The weather is turning to fall with cooler days. Warm rays of sunshine filter through falling leaves. It’s my favorite time of year to play.

Below is a list of golfing quotes, truisms, and psychology for golf.

“I think that I shall never see, a hazard rougher than a tree. A tree that stands in silence there, while angry golfers rave and swear. Irons were made for fools like me who cannot ever miss a tree.”  (From A golf lover’s poem)

1. Golf is a game that needlessly prolongs the lives of our most useless citizens.

2. If you watch a game it’s fun. If you play it, it’s recreation. If you work at it, it’s golf.

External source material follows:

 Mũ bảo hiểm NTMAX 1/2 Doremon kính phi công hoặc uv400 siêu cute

3. Golf is a game where guts and blind devotion will always net you absolutely nothing but an ulcer.

4. The greatest liar in the world is the golfer who claims he plays the game for merely exercise.

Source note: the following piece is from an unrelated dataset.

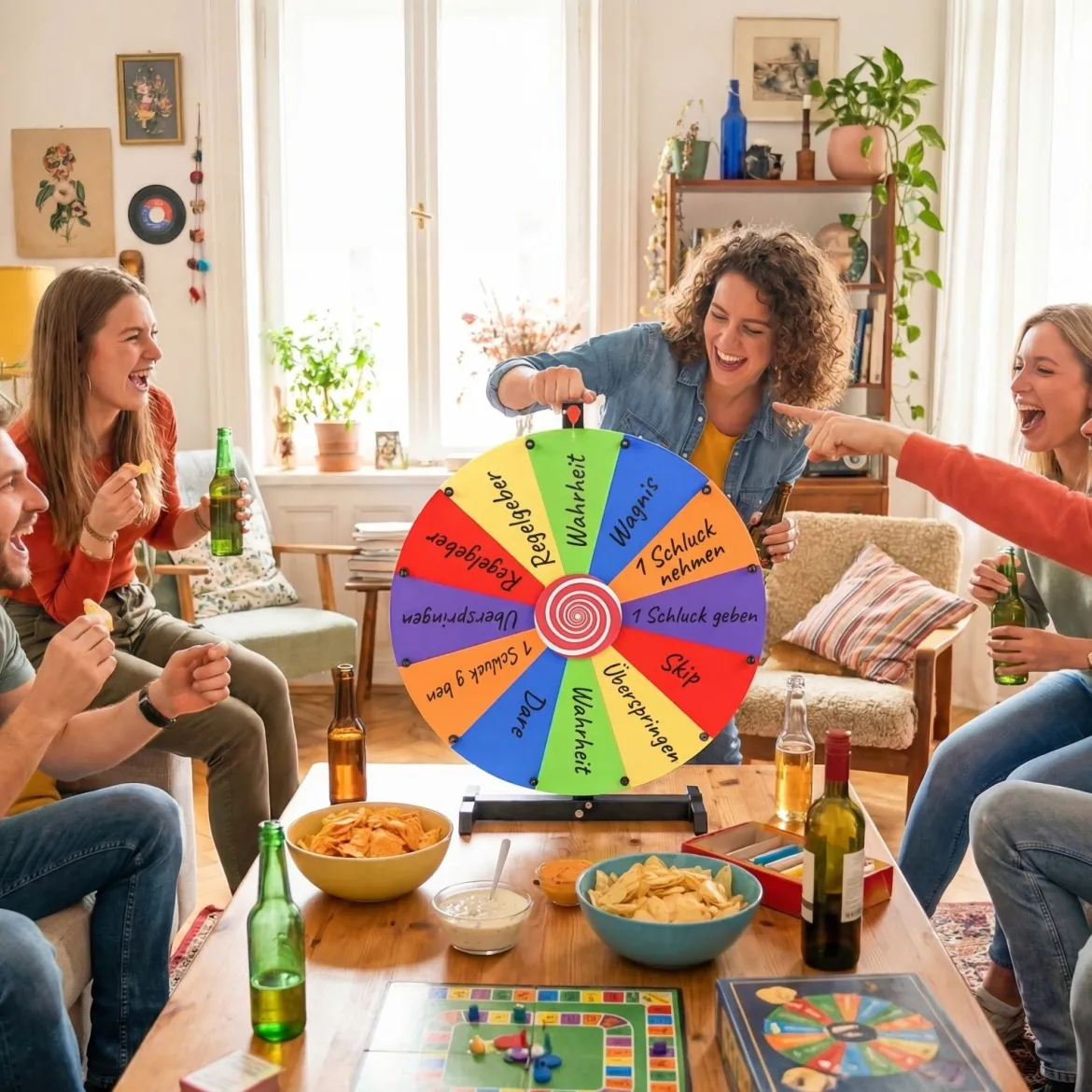 Glücksrad zum Drehen 60 cm Roulette-Spinner mit Ständer & 12 Wiederbeschreibbaren Feldern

5. Golf is a game whose aim it is to hit a very small ball into an even smaller hole with weapons singularly ill-designed for the purpose.

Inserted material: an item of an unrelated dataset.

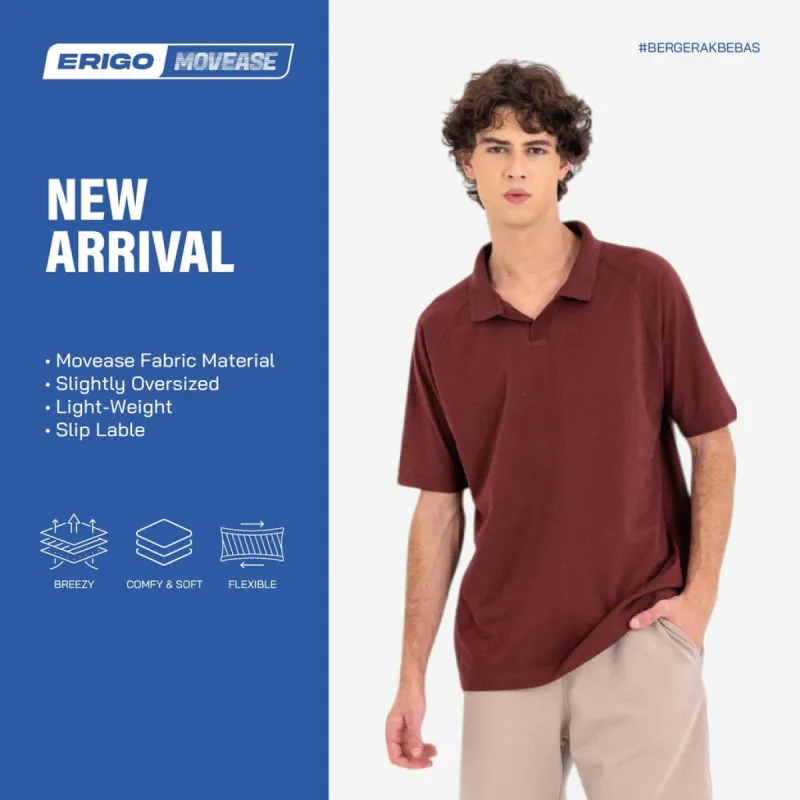 Erigo Movease Polo Short Sleeve Cleve Maroon Unisex sold by Erigo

6. Golf is a game in which you yell ‘fore’, shoot six and write down five.

7. Golf is the hardest game in the world to play, and the easiest to cheat at.

8. I play with friends, but we don’t play friendly games.

9. Relax? How can anybody relax and play golf? You have to grip the club don’t you?

10. Competitive golf is played mainly on a five-and-a-half-inch course, the space between your ears.

11. The only shots you can be dead sure of are those you’ve had already.

12. Golf is not and has never has been a fair game.

13. I think I fail just a little bit less than everyone else. Jack N.

14. The harder you work, the luckier you get. Gary P.

15. Putts get real difficult the day they hand out the money. Lee T.

16. I’m in the woods so much I can tell you which plants are edible.

17. I’m not saying my golf game went bad, but if I grew tomatoes they would come up sliced.

18. I’m hitting the driver so good I gotta dial the operator for long distance after I hit it.

19. If there is any larceny in man, golf will bring it out.

20. Real golfers don’t cry when they line up their fourth putt.

21. In golf as in life, it’s the follow through that makes the difference.

22. Golf is a game where the ball lies poorly, and the players well.

23. The only reason I play golf is to bug my wife. She thinks I’m having fun.